Дети кинулись в коридор к вешалке, стали хватать пальтишки, чтобы увидеть торжественный въезд золотого коня и золотой кареты в интернатские ворота. Кто-то запнулся, упал. Кто-то из малышей заплакал, боясь опоздать. А рослый Саша протянул руку через все головы, сорвал с вешалки свою и Митину шапки, и они первыми выскочили во двор, на холод.
Золотой конь уже приворачивал с дороги к распахнутым воротам. Конь входил в темноватый под соснами двор интерната, и был он теперь не золотым, а мохнато-серебряным. На его спине, на боках, на фыркающей морде настыло морозное кружево.
— Тпр-р-р… — донеслось изнутри странной повозки, и повозка остановилась у крыльца, и это оказались всего-навсего обыкновенные сани-розвальни, а сверху саней возвышалась летняя телега с откинутыми назад оглоблями и с неглубоким дощатым кузовом.

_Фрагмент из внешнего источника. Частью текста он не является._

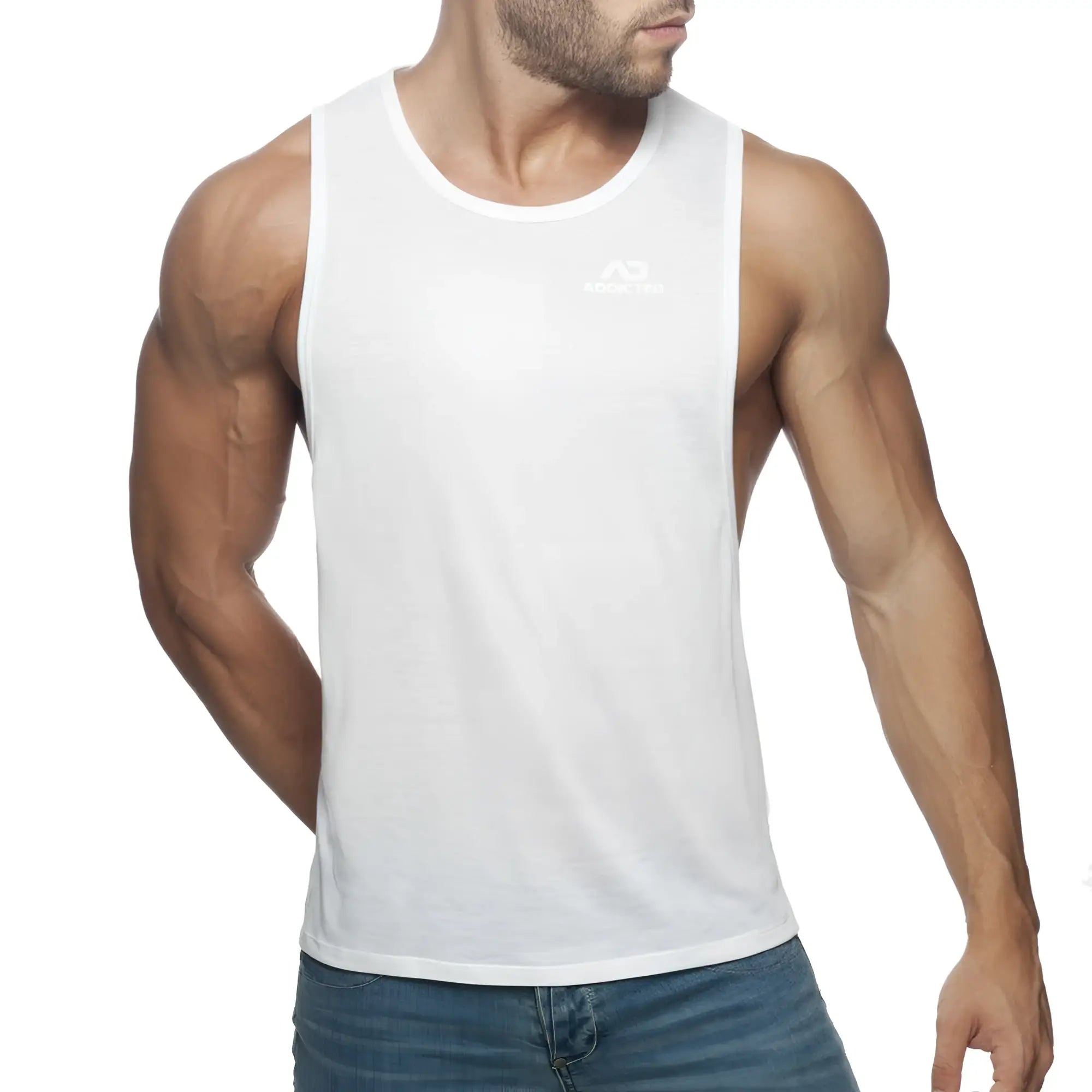 White sleeveless tank top ad low rider with small logo on chest made of lightweight breathable fabric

— Тпр-р-р! Приехали… — повторил голос, и на снег из саней широких, из-под самой телеги, медленно вылез бородатый Филатыч. Лоб, щеки, нос у него от холода полиловели. Маленькие, по-старчески блеклые глазки радостно моргали. Он прикрутил вожжи к высокому передку саней и, заметая длиннополым тулупом снег, прошел к голове лошади. Он ухватил ее под уздцы, победно глянул на толпу ребятишек и с полупоклоном обратился к заведующей:
— Принимай, Павла Юрьевна, хорошую помощницу! Зовут — Зорькой. Дождались мы с тобой, отмаялись!

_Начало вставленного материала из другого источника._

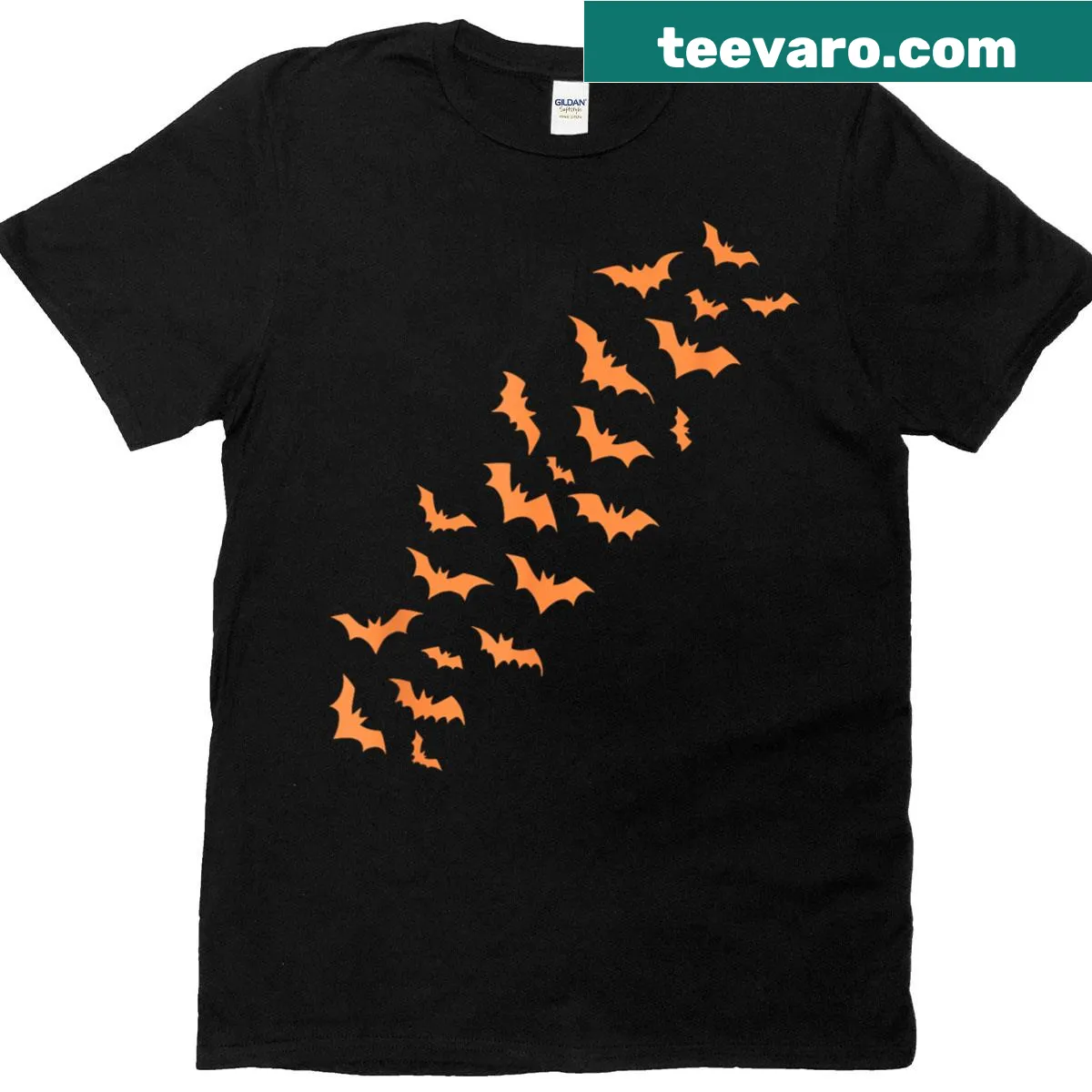 Halloween T-shirt featuring a haunted house and bats design printed on front and back. — on a men's t-shirt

Он дружелюбно хлопнул рукавицей Зорьку по сильной, гладкой шее. Зорька фыркнула, вскинула голову. Павла Юрьевна отшатнулась, на всякий случай загородилась рукой. Она — человек городской, питерский — лошадей немного побаивалась. Но потом укрепила пенсне на носу потверже и медленно, издали, обошла Зорьку почти кругом.
Обошла, встала и, довольно покачивая из стороны в сторону головою, восторженным голосом произнесла:
— Как-кой красавец! Это намного больше всех моих ожиданий…
Она опять повела головою, выставила вперед ногу в растоптанном валенке и широким жестом ладони показала ребятишкам на Зорьку:
— Вы только посмотрите, товарищи! Это же конь — прямо великолепнейший! Вы согласны со мною, товарищи?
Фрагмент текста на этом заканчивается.